The National Crime Agency (NCA) and law enforcement agencies from 14 countries are tracking down users of the former WebStresser DDoS-for-hire service, with personal laptops seized and prosecutions a possibility.
Distributed denial-of-attacks (DDoS) is a form of cyberattack which attempts to deliberately disrupt online services and prevent legitimate users from being able to access websites.
These attacks are usually based on networks of enslaved devices -- made possible through compromised systems or malware infections -- and have risen in power and effectiveness over the past few years.
In 2018, GitHub was hit with a 1.3Tbps DDoS attack and this was followed by a US service provider that suffered a DDoS attack of a 1.7Tbps magnitude. The majority of DDoS attacks, however, generally reach around 1Gbps.
WebStresser was an online service which permitted anyone to launch a DDoS attack without any expertise or knowledge of botnets.
The DDoS marketplace was seized and closed in April 2018 with the help of Europol and the Dutch Police. WebStresser catered for over 136,000 registered users and is believed to be responsible for roughly four million DDoS attacks worldwide.
WebStresser could be 'hired' for as little as €15.
The NCA, Regional Organised Crime Units (ROCUs) in the United Kingdom, and Police Scotland have now turned their attention towards former customers of the DDoS-for-hire.

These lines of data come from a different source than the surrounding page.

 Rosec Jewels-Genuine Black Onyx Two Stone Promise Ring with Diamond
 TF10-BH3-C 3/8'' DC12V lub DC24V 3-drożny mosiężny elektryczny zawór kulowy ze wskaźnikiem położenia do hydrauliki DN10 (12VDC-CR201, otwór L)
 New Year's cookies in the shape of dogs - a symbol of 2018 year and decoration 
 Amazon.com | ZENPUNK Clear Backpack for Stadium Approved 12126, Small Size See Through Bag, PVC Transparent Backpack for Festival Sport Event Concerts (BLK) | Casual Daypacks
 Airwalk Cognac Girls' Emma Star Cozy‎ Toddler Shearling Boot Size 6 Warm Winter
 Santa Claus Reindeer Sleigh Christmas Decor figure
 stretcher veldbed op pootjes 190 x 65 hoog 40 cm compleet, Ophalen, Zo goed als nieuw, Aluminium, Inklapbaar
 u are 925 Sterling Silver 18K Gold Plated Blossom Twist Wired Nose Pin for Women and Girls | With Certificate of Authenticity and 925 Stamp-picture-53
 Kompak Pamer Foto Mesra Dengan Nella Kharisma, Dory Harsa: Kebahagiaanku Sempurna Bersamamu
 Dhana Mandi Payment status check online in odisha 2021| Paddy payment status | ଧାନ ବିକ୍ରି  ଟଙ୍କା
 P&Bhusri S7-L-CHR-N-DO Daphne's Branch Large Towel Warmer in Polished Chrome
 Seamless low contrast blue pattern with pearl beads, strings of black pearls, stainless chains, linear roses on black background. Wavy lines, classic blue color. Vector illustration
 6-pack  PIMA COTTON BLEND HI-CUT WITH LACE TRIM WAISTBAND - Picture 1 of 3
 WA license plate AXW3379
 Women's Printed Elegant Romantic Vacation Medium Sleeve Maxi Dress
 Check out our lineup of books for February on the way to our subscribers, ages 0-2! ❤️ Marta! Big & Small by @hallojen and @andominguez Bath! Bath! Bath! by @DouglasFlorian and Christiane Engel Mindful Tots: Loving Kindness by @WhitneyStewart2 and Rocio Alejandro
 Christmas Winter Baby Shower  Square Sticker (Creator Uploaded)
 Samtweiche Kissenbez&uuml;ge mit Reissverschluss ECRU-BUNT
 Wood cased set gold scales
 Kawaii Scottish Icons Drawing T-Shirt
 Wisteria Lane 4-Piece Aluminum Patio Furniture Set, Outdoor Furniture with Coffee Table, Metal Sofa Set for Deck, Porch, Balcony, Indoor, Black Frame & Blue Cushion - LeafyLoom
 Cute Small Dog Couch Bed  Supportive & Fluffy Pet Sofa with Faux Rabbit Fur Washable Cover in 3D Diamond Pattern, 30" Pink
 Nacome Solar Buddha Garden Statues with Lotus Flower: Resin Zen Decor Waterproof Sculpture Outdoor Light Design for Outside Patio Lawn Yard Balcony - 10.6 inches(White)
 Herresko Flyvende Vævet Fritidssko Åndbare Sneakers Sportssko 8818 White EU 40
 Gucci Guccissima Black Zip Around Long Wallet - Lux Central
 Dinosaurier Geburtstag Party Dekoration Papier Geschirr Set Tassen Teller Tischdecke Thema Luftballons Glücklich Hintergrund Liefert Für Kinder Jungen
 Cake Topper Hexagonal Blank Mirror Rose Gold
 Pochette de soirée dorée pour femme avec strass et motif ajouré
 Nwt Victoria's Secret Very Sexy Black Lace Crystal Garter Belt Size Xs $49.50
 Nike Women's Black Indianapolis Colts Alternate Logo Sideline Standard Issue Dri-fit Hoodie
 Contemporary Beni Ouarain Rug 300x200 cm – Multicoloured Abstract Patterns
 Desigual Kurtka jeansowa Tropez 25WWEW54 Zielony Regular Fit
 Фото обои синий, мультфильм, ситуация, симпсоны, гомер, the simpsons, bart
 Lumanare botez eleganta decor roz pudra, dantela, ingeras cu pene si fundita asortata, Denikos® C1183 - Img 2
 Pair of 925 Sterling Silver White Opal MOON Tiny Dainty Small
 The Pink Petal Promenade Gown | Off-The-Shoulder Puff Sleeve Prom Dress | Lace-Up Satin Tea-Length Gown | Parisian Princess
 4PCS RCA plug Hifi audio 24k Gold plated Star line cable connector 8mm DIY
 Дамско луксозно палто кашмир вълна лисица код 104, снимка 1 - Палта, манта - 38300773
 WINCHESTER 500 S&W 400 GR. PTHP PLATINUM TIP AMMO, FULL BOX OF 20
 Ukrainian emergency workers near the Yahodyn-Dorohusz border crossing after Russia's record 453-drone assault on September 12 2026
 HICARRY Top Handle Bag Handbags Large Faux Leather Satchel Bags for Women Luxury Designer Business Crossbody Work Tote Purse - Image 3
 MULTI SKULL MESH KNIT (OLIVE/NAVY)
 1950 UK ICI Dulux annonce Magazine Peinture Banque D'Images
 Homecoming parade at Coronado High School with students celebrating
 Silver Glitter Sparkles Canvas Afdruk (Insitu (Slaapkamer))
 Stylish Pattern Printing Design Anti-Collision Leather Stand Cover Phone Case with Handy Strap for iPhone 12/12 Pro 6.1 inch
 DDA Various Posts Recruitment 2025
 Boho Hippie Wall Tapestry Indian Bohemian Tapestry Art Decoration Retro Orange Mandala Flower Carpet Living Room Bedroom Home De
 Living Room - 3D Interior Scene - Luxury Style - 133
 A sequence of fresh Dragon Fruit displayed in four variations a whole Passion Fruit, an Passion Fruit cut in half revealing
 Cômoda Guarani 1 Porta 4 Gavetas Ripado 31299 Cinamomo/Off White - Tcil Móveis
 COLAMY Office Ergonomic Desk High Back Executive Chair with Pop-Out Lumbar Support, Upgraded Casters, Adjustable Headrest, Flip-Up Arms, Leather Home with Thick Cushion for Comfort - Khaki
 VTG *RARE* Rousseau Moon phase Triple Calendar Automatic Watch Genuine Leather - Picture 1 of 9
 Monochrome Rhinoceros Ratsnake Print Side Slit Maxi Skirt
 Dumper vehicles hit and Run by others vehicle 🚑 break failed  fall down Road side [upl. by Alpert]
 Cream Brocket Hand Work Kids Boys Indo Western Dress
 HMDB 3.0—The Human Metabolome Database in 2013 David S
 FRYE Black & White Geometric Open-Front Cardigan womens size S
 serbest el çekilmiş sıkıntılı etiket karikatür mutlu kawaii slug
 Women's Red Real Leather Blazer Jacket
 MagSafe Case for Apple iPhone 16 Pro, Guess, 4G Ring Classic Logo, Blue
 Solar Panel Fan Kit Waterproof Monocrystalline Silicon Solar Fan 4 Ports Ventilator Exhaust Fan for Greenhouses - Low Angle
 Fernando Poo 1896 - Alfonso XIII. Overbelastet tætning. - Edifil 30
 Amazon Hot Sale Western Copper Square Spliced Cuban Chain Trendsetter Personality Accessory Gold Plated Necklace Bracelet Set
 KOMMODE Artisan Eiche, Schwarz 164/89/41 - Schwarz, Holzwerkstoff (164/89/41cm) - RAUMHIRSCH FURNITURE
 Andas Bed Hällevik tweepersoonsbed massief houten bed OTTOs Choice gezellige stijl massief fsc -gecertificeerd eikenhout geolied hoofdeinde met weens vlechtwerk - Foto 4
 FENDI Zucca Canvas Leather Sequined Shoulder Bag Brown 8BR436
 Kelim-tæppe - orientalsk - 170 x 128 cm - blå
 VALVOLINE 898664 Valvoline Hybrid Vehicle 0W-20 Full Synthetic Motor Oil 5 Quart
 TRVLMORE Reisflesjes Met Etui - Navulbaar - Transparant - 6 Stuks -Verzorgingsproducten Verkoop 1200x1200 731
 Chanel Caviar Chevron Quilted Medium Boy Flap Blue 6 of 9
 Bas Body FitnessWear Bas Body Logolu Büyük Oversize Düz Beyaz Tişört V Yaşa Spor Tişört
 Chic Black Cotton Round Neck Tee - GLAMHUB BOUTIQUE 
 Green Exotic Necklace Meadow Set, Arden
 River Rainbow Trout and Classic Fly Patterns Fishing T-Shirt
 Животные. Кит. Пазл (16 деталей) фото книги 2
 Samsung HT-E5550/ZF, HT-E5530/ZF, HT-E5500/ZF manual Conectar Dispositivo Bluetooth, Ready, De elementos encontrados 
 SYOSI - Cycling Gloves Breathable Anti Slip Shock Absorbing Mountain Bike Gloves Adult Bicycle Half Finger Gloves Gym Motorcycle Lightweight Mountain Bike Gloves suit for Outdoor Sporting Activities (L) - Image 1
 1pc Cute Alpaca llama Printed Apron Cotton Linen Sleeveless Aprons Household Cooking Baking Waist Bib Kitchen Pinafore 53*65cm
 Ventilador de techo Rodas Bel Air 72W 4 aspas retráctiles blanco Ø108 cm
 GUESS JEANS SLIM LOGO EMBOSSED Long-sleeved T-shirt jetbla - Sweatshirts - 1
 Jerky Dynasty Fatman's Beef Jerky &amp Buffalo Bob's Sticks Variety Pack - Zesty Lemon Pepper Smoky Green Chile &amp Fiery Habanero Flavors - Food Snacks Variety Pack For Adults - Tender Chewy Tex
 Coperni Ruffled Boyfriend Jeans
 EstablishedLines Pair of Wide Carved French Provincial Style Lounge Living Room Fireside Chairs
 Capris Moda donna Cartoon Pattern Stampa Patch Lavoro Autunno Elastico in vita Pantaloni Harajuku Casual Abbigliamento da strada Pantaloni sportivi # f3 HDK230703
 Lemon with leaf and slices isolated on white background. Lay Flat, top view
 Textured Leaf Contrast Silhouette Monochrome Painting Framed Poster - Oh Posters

Eight warrants have been issued and over 60 PCs, tablets, and smartphones have been seized from UK individuals believed to be former WebStresser users.
"250 users of webstresser.org and other DDoS services will soon face action for the damage they have caused," Europol says.
Cease and desist notices have also been issued and a further 400 individuals from the WebStresser user list are now being investigated.
According to Jim Stokley, Deputy Director of the NCA's National Cyber Crime Unit, the actions should be considered "a warning to those considering launching DDoS attacks." However, it is worth keeping in mind that only a small fraction of users are being investigated in comparison to the full WebStresser user list, and law enforcement would have a tough time if they attempt to track everyone down.
TechRepublic: Top 5 ways people are okay sharing data
"The numbers speak for themselves in this case," Sean Newman, Director of Product Management at Corero told ZDNet. "With those prepared to launch DDoS attacks, on just this one service, well into six figures, and only 250 currently being pursued for their crimes, it's indicative of how easy it is for the perpetrators to mask their true identities. The ease with which any individual can use an anonymized email account for communications and make payments in cryptocurrency ensures it is extremely hard-going trying to track down the individuals concerned."
In related news, Europol and the FBI recently seized the xDedic domain and accompanying servers in a raid on the marketplace known for offering access to compromised servers. Traders would usually offer access to these systems through compromised Remote Desktop Protocol (RDP) accounts.
Three individuals suspected of connections to xDedic were also arrested in Ukraine.
Law enforcement from the US, the UK, and the Netherlands also seized and closed 15 DDoS-for-hire services just before the Christmas holiday.